There was testimony from the theatre manager, who had had the night in question off, that there should have been present the assistant manager and three ushers, who were supposed to be actively engaged in patrolling the theatre; that if there was a crowd of four or five sturdy fellows about eighteen to twenty years of age who were talking loudly, yelling, throwing things, pulling one another, and disturbing the patrons, it was up to the ushers, if they saw it, to do something about it; that the ushers, if really on the job and observant of this, would be obliged to take some correcting steps, one of which would be to warn the young men to stop, and if they did not, to arrange for them to go out, or be taken to some other part of the theatre where there would be police or someone directly watching them; and that if the ushers were on the job doing what they were supposed to do, and there was any disturbance, they would have taken one of these steps.

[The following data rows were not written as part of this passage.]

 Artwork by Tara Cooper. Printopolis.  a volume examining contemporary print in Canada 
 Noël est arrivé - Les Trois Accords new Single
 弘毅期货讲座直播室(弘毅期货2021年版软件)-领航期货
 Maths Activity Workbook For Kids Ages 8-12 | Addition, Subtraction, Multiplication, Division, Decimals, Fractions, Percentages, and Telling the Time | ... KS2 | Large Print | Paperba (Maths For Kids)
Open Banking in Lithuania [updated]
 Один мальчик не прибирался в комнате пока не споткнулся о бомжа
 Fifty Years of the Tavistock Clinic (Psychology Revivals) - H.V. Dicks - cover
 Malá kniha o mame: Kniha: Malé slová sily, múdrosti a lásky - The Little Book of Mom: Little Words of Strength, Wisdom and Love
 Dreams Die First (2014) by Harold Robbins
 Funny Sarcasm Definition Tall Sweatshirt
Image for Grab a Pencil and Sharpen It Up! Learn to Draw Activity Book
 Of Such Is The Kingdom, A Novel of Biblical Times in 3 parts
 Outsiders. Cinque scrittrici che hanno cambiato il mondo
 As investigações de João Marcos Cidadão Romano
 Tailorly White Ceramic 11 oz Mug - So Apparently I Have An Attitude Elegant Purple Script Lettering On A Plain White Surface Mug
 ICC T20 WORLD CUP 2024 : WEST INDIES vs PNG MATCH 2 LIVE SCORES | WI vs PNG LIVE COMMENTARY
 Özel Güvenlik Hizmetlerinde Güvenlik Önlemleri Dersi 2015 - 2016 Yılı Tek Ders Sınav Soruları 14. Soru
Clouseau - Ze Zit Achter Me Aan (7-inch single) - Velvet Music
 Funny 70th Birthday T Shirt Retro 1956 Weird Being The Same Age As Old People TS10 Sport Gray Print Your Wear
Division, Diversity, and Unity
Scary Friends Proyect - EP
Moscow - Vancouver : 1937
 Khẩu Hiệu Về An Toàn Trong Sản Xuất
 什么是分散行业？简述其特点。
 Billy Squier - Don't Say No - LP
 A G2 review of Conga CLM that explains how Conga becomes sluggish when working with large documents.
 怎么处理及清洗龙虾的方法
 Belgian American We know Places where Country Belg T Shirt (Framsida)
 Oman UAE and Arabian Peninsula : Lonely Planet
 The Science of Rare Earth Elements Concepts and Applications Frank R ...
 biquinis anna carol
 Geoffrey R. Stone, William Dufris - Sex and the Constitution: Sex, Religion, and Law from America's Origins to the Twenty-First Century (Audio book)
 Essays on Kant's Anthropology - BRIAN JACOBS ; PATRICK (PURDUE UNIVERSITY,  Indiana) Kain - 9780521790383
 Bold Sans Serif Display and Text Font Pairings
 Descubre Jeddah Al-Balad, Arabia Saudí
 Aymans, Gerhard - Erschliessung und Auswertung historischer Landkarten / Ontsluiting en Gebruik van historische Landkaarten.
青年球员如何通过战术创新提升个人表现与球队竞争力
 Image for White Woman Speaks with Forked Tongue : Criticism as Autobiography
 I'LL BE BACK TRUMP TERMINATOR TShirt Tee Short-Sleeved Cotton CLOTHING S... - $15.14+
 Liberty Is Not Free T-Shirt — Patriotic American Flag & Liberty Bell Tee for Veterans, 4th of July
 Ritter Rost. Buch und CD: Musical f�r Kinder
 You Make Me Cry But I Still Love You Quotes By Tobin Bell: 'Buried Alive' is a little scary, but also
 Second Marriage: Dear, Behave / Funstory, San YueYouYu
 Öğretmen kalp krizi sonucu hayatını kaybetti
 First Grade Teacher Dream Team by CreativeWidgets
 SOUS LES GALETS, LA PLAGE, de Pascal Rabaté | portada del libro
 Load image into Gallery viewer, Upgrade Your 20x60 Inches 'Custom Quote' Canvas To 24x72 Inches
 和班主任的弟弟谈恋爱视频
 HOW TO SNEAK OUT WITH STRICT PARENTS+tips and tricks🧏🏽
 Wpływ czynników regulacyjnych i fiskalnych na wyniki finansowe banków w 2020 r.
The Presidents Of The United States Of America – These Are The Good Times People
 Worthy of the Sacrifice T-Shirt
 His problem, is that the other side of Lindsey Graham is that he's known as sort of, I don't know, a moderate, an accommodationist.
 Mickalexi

Having in mind the facts which we have outlined as to the nature and extent of the disturbance, in the opinion of a majority of the court the jury could find that the defendant was remiss during one hour and one half in failing to discover and stop the disorder; that the defendant should have known that if it did not take such action, it was to be reasonably anticipated that patrons might undertake to supply the omission; and that if that happened, the authors of the rowdyism might resent such unofficial interference with their misbehavior, and might even commit a cowardly assault in the dark upon a remonstrating patron. Cases of this sort present a wide variation in their facts. Those of our decisions more closely resembling the present case are McFadden v. Bancroft Hotel Corp. 313 Mass. 56, and Fortier v. Hibernian Building Association of Boston Highlands, 315 Mass. 446. See Pfeifer v. Standard Gateway Theater, Inc. 259 Wis. 333. In Rich v. Boston Elevated Railway, 316 Mass. 615, there were two small boys, nine to eleven years of age, *561 who could have been found to have been playing tag in a crowd for not more than eight minutes.
The plaintiff's exceptions are sustained, the verdict entered under leave reserved is set aside, and the verdict returned by the jury is to stand.